Manage blob properties and metadata with Python
In addition to the data they contain, blobs support system properties and user-defined metadata. This article shows how to manage system properties and user-defined metadata using the Azure Storage client library for Python.
To learn about managing properties and metadata using asynchronous APIs, see Set blob metadata asynchronously.
Prerequisites
- Azure subscription - create one for trial
- Azure storage account - create a storage account
- Python 3.8+
Set up your environment
If you don't have an existing project, this section shows you how to set up a project to work with the Azure Blob Storage client library for Python. For more details, see Get started with Azure Blob Storage and Python.
To work with the code examples in this article, follow these steps to set up your project.
Install packages
Install the following packages using pip install
:
pip install azure-storage-blob azure-identity
Add import statements
Add the following import
statements:
from azure.identity import DefaultAzureCredential
from azure.storage.blob import BlobServiceClient, ContentSettings
Authorization
The authorization mechanism must have the necessary permissions to work with container properties or metadata.
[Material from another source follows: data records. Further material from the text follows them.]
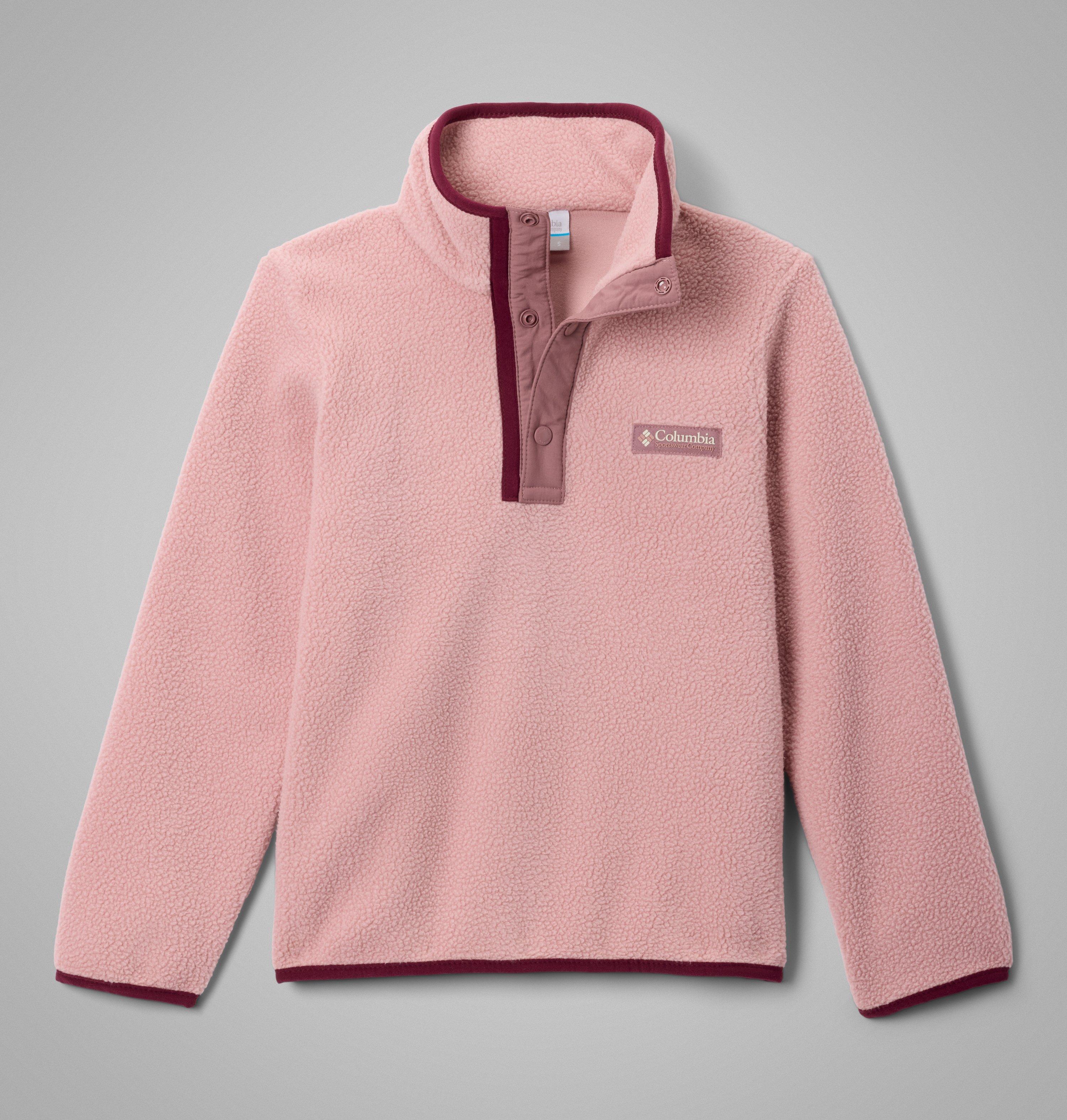 リバーシブル ヘビー 2BA Kids' Helvetia II Half Snap Fleece Pullover | Columbia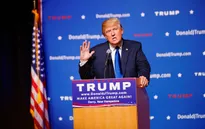 Tỷ phú Donald Trump đại diện đảng Cộng hòa tranh cử Tổng thống Mỹ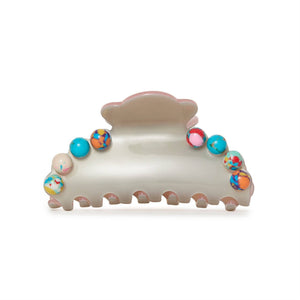 Terrazzo Multi Stone Medium Clip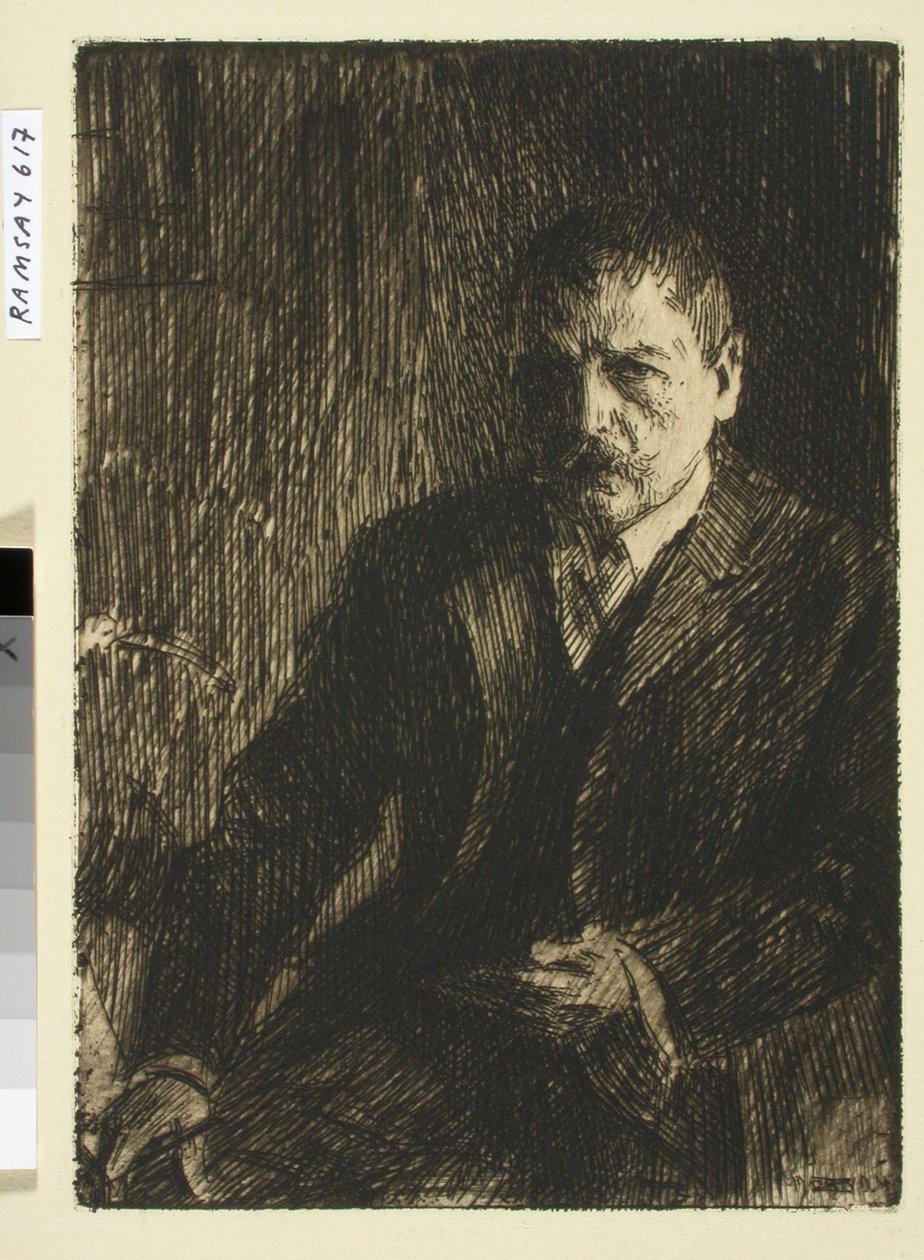 Selfie alkotó: Anders Zorn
For authorization with Microsoft Entra ID (recommended), you need Azure RBAC built-in role Storage Blob Data Reader or higher for the get operations, and Storage Blob Data Contributor or higher for the set operations. To learn more, see the authorization guidance for Set Blob Properties (REST API), Get Blob Properties (REST API), Set Blob Metadata (REST API), or Get Blob Metadata (REST API).
Create a client object
To connect an app to Blob Storage, create an instance of BlobServiceClient. The following example shows how to create a client object using DefaultAzureCredential
for authorization:
# TODO: Replace <storage-account-name> with your actual storage account name
account_url = "https://<storage-account-name>.blob.core.chinacloudapi.cn"
credential = DefaultAzureCredential()
# Create the BlobServiceClient object
blob_service_client = BlobServiceClient(account_url, credential=credential)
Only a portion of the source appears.